MIDEM Blog—Fair Share for Creators

Jean Jarre

French recording artist Jean Michel Jarre at MIDEM

MIDEM Feb. 3 and 4, 2014

Was this the last MIDEM? That was a rumor rolling around Cannes this year, but longtime attendee John Singleton said that rumor goes around every year.

Attendance is down from ten years ago; the event is not crowded. Old timers complain that it’s not about the music anymore. In a class I teach at Belmont, “History of the Recording Industry,” I tell students that the music business is music, business and technology all rolled together, and that, at any given time, one of those is in the lead. It’s easy—and cool—to say, “It’s the music, man” and that is certainly true in the long haul. You may love Bing Crosby or Elvis or the Beatles and not be aware of the business or technology issues during their time.

At the start of the recording industry, the technology came first; the phonograph had to be invented, then the microphone, and then there had to be improvements in the equipment. Business came second because the industry had to figure out how to set up a profitable business foundation and structure or else the music would not survive. The music, though vitally important, came third. We have the same situation today; technology is in the lead and business has to figure out how to “monetize” (that’s a favorite word at music business conferences) the recordings.

Longtime attendees to MIDEM complain that it is more of a technology convention than a music convention and that the tech folks really don’t care about music. They only want to use it to enhance their technology. The fact is that MIDEM is, to a large degree, now a technology conference. There are seminars about social networking, streaming, and other issues connected to technology. There are “hack days” where people compete for the best app. People are trying to find ways to monetize the exposure they receive from digital technology. So the music comes third.

The other issue that arises is the need to have MIDEM. I remember going into my office at 6 a.m. to make phone calls to London, now I send an email and the next day there’s an answer waiting. Long distance calls were incredibly expensive; today phone rates are cheap. Because of technology, people are in constant contact; in the old days, a letter took quite a while.
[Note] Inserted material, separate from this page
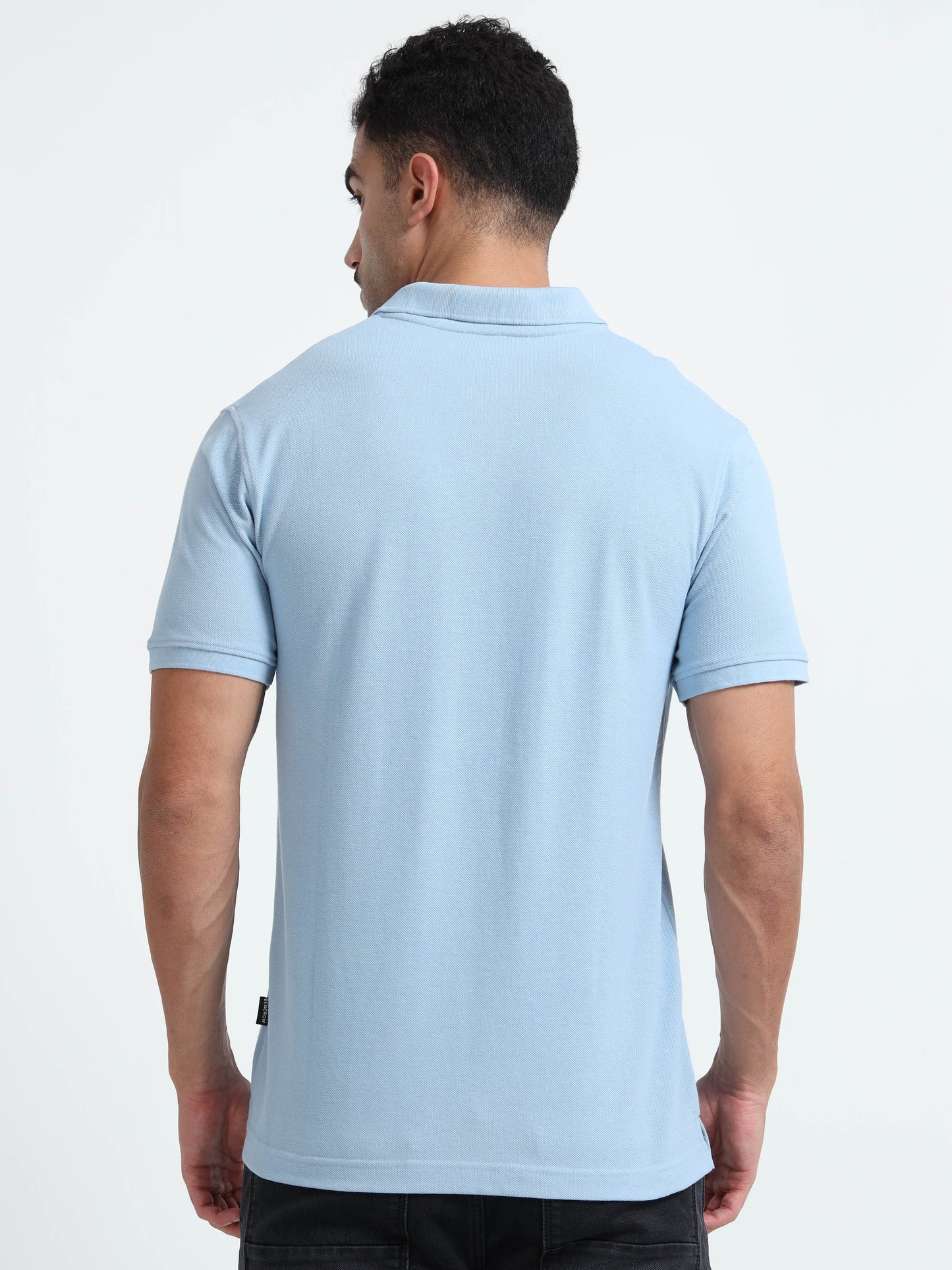 Men's Cotton Sky Blue Polo T-shirt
MIDEM used to be a place where you received distribution into other countries for your product. Today iTunes and streaming services are in a number of countries, while Facebook and YouTube cover a lot of the world.

Face to face contact is important; technology will never replace a handshake and eye to eye conversation. However the cost of doing business in money and time seems to indicate that technology is rendering conventions like this much less important  than they used to be. The fact is that an international convention for people involved in the music industry is vitally important; the question: Is it MIDEM?

• • •

A special presentation from Europeans on “Authors’ Rights: What’s Next on the Agenda” opened Day Three (Feb. 3) at MIDEM. Collection societies led the discussion about “proper remuneration” for writers and it was noted several times that “there’s no quick fix solution—everything is connected to everything.” There was also the observation that “the creative society is looked down on by Brussels and Washington.”

Jean Michel Jarre, a well-known French recording artist and President of France’s CISAC, stated that in terms of getting paid, “We’ve fought the wrong battles. We wanted to get the consumers to pay. When we listened to radio, the rights were collected upstream. Now, we must do the same thing with the internet. The rights must be paid upstream. We need to make agreements with internet companies to get payments upstream.”

In a separate event, Jarre was interviewed by Music Week’s Rhian Jones on the topic, “Fair Share for Creators,” although he said a better title for the talk would be “How to create a sustainable future for the creative community.”

Jarre said, “Royalties have increased to almost 1 billion euros this year, but the bad news is that only four percent came from digital. If digital is the future, what could it be if it was 50-50? In the future, we might have 96 percent digital. We need to send a clear message to these people.”

The artist, who was recently in Los Angeles recording, said, “I have been impressed with how American musicians and filmmakers are watching Europe. We have protected author’s rights. We have increased the VAT (Value Added Tax) in France. Now, it is 5.5 percent for books, 7.55 percent for films, but for music it went from 19.6 to 20 percent. It is intellectual racism. The ticket for a film isn’t that different from a ticket to a music concert. France is good at protecting films and books, but not music.”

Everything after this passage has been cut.